Re: Equivalent to Python's range

Postby khjklujn » Thu Feb 14, 2008 10:07 pm

The compiler is using the ++ and -- to indicate which way the comparison is made in the exit condition of the loop.

No problem if you use them in a manner that makes sense to people who are used to working with C style languages (where ++i unequivocally means the loop index is gonna go up, --i always means down).

for i = 0 .. 10 ++ 2 ==> for(int i = 0; i < 10; i += 2) ==> works as expected
for i = 10 .. 0 -- 2 ==> for(int i = 10; i > 0; i -= 2) ==> works as expected

Syntactically, this one also makes sense, but...

for i = 10 .. 0 ++ -2 ==> for(int i = 10; i < 0; i += (-2)) ==> exits immediately

The problem is that in order to use the C# for loop, the direction of the comparison has to be determined at compile time, so you have to provide something to indicate which direction you think the index is supposed to go.

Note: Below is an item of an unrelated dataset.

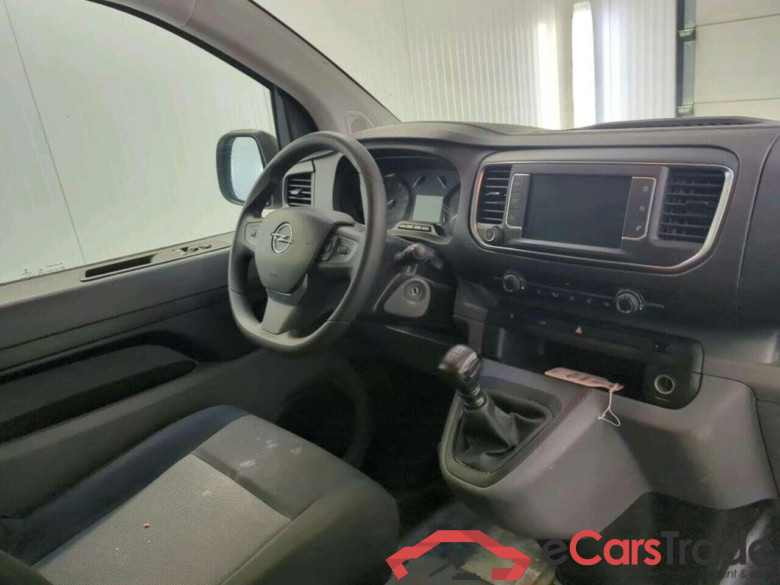 OPEL Vivaro 2.0 CDTI L3H1 Edit. #3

The compiler can't use the values of the end points because they usually won't be known until runtime.

I suppose it might be possible to use something like that XRange class (renamed to Range, of course) to have the compiler generate:

for i = 10 .. 0 step -2 ==> foreach(int i in Range(10, 0, -2))

But that's Chuck's domain. There might be nontrivial performance differences between C#'s for and foreach that justify a syntax that doesn't appear to always make sense mathematically.

The syntax of C style for loops has always struck me as a little quirky. If you thought "exits immediately" was fun, give this one a try:

for i = 10 .. 0 ---2

I've had to hit Ctrl-C often enough to know that I don't always see the problem with that construct the first time I look at it.